One of the nodes sets the workflow-wide shutdown signal (
signal)maize catches an error raised by a node (as long as the node is not configured to ignore it)
Upon shutdown, maize will attempt to join all processes with a timeout. In addition to the nodes, a separate Logger process is also started, and shutdown last.
Node#
While the run() method is user defined, it is not called directly by the workflow. Instead, it is wrapped by a general execute() method responsible for cleanly executing the user code. It (and the private _attempt_loop()) is responsible for attempting to run any code multiple times if so requested, handling certain logging aspects, and sending errors on to the main process.

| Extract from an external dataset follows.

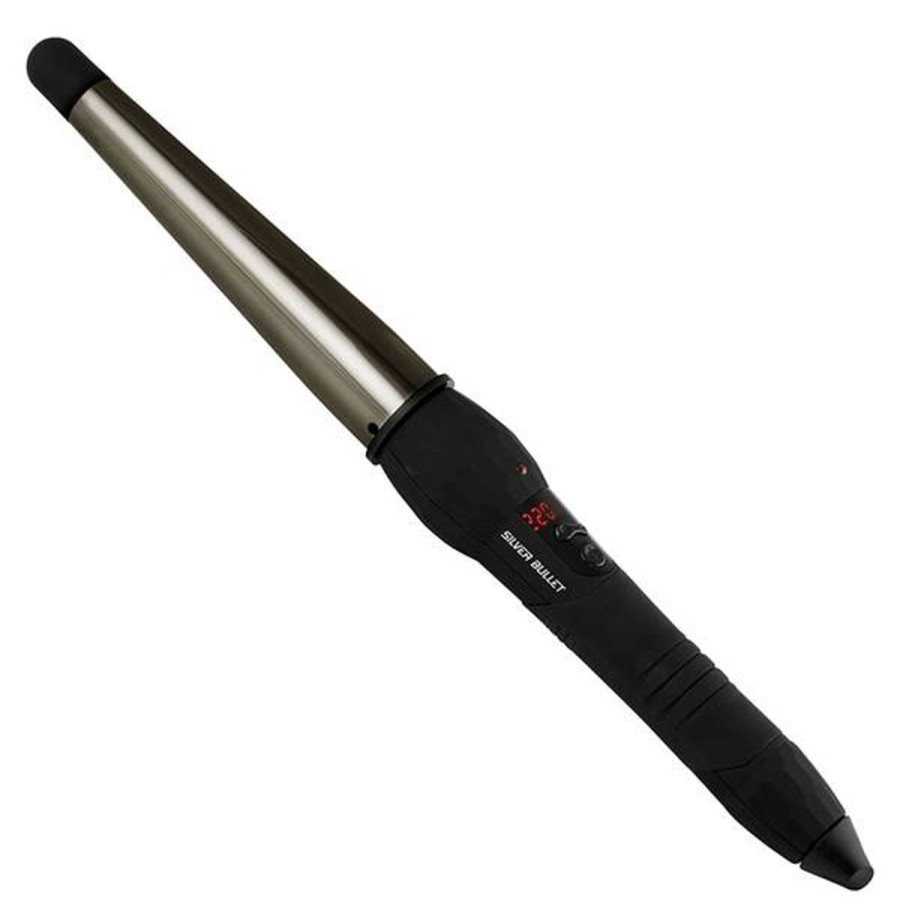 Haircare Silver Bullet | Silver Bullet Fastlane Titanium Conical 13Mm-25Mm Curling Iron - Black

A key aspect of the individual node execution procedure is how ports are handled. Because channels have a limited capacity, and may be full or empty when trying to send or receive items, they need to be polled in such a way as to avoid unresponsive or frozen processes. This is generally accomplished by attempting to send() or receive() with a timeout continuously in a loop and monitoring the parent shutdown signal and connected channel. If, for example, an upstream node has finished processing, the receiving input port will attempt to receive a final item and then shutdown the port. This can cause an intentional shutdown cascade, mimicking the behaviour expected from a directed acyclic graph.
Nodes can be classified into two groups: ones performing only a single calculation, and ones running continuously. The latter should use the loop() generator to allow a clean shutdown, and make use of the ready() method to check if data can be received from a port. This is to ensure that optional inputs can be skipped, for example when merging data from different sources (see Merge for an example).
Caution
Using continuous nodes with cyclic topologies can easily result in deadlock-prone workflows. Make sure you have a clean exit strategy for each node using loop().